Recently, Data Version Control 1.0 was released that claims to bring agility, reproducibility as well as collaboration into the existing data science workflow. Data Version Control or DVC is an open-source tool which works as version control for data science and machine learning projects.
After 3 long years of planning to finalise the requirements for DVC 1.0 and stabilise the commands (API) and DVC file formats, Dmitry Petrov, Co-Founder and CEO at Iterative.ai released this version control, also known as Git for data projects. In technical terms, this version control codifies data and machine learning pipelines as text metafiles with the pointers to actual data in S3/GCP/Azure/SSH while using the Git for the actual versioning.
According to a blog post, Dmitry stated that the new DVC 1.0. is inspired by discussions and contributions from the community of data scientists, ML engineers, developers and software engineers.
How It Works
DVC is a data and ML experiments management tool that takes advantage of the existing engineering toolsets that you’re already familiar with (Git, CI/CD, etc.)
According to Dmitry, he learnt 5 important lessons while building the open-source ML tool. They are mentioned below-
- Multi-stage DVC files- In DVC 1.0, the DVC file format was changed in three big ways. First, instead of multiple DVC stage files (*.dvc), each project has a single DVC file dvc.yaml. Secondly, there is a clear connection between the dvc run command, where pipeline stages are defined, and how stages appear in dvc.yaml. Thirdly, data hash values are no longer stored in the pipeline metafile.
- Run Cache- The advantage of the run-cache is that pipeline runs are not directly connected to Git commits anymore, and the new DVC can store all the runs in run-cache – even if they were never committed to Git.
- Plots- This function is designed not only for visualising the current state of the project but also for comparing plots across the Git history.
- Data Transfer Optimisations- In DataOps, data transfer speed is hugely important, and now DVC can choose the optimal strategy for traversing the data remotely.
- Hyperparameter Tracking- Hyperparameter tracking is an important step to support configuration files and ML experiments.
Features of DVC
This version control tool brings in a number of features on the table. They are mentioned below:
- Git-Compatible- DVC runs on top of any Git repository and is compatible with any standard Git server or provider (GitHub, GitLab, etc). The tool offers all the advantages of a distributed version control system, including lock-free, local branching, and versioning.
- Storage Agnostic- A user can use Amazon S3, Microsoft Azure Blob Storage, Google Drive, Google Cloud Storage, Aliyun OSS, SSH/SFTP, HDFS, HTTP, network-attached storage, or disc to store data.
- Reproducible- DVC guarantees reproducibility by consistently maintaining a combination of input data, configuration, and the code that was initially used to run an experiment.

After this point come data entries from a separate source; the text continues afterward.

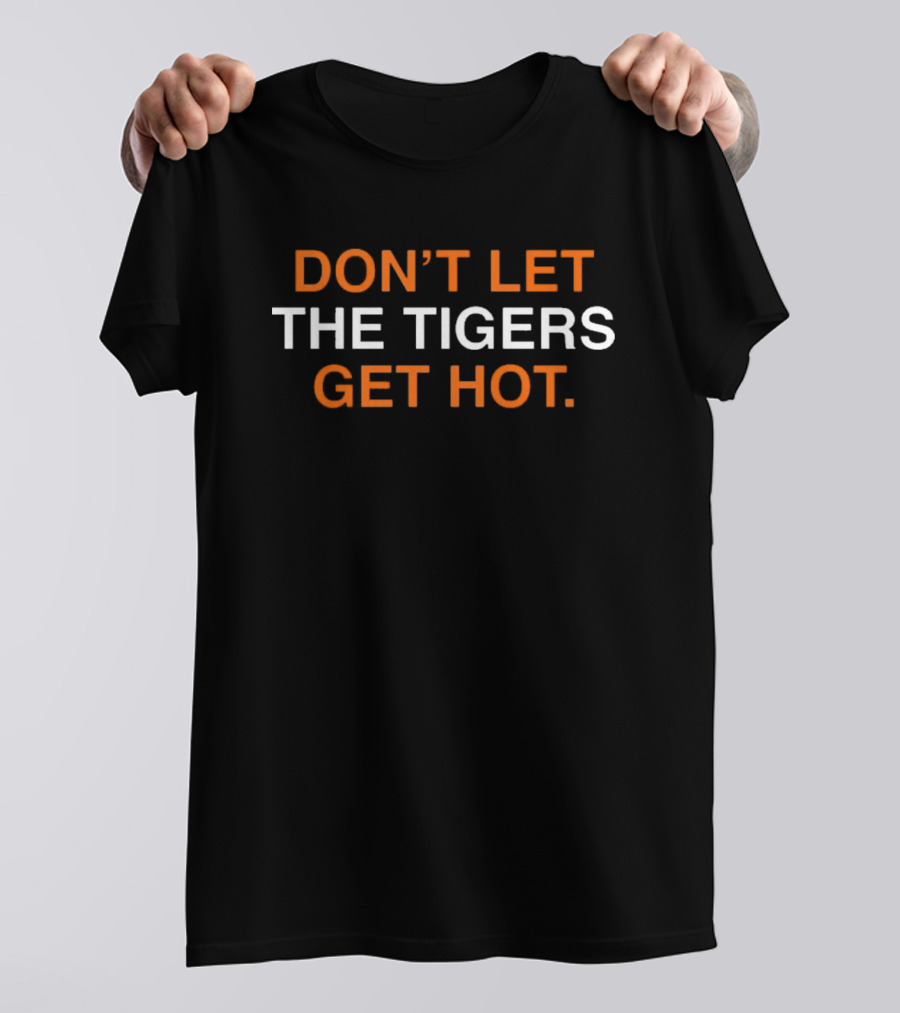 Detroit Tigers MLB Don't Let The Tigers Get Hot T-Shirt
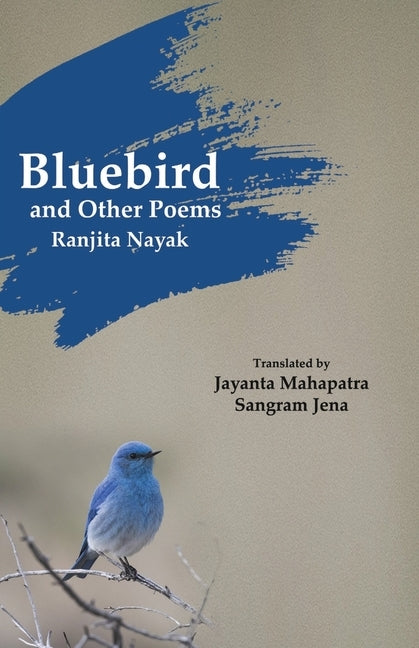 Bluebird and Other Poems by Nayak, Ranjita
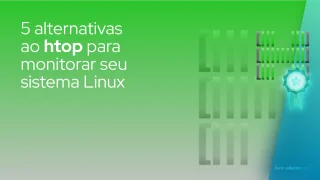 5 alternativas ao htop para melhorar sua experiência de monitoramento do sistema Linux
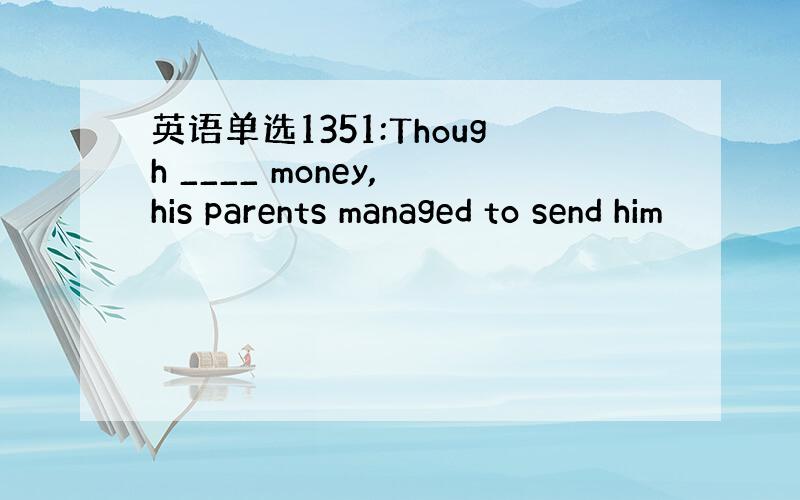 英语单选1351:Though ____ money, his parents managed to send him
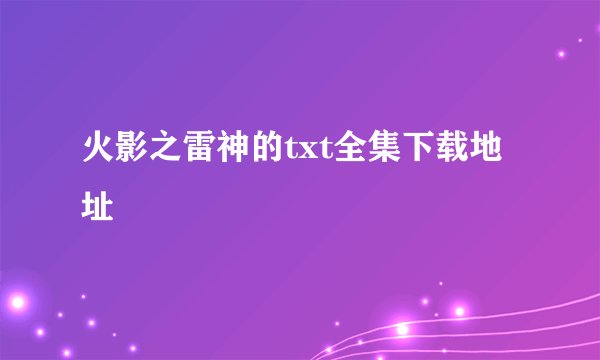 火影之雷神的txt全集下载地址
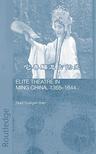 Elite Theatre in Ming China, 1368-1644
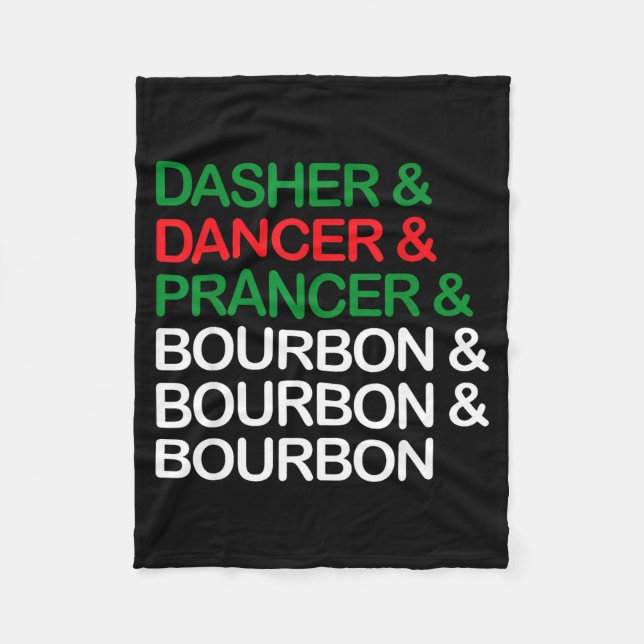 Dasher Dancer Prancer Bourbon Weihnachten Lustig H Fleecedecke (Vorderseite)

- Low Friction Branching- DVC fully supports instantaneous Git branching, even with large files.
- Metric Tracking- DVC includes a command to list all branches, along with metric values, to track the progress or pick the best version.
- ML Pipeline Framework- DVC has a built-in way to connect ML steps into a DAG and run the full pipeline end-to-end.
- Language & Framework-Agnostic- DVC is language- & framework-agnostic and any programming language or libraries including Python, R, Julia, Scala Spark, custom binary, Notebooks, TensorFlow, PyTorch, etc. are fully supported.
- HDFS, Hive & Apache Spark- DVC includes Spark and Hive jobs in the DVC data versioning cycle along with local ML modelling steps as well as manage Spark and Hive jobs with DVC end-to-end.
- Track Failures- DVC is built to track everything in a reproducible and easily accessible way.
On May 4th this year, DVC celebrated its 3rd-year anniversary. They also announced the pre-release of the open-sourced ML tool. Currently, DVC 1.0 has 100+ code contributors, 100+ documentation contributors, and thousands of users. It is available with all the standard installation methods including pip, conda, brew, choco, and system-specific packages: deb, rpm, msi, pkg.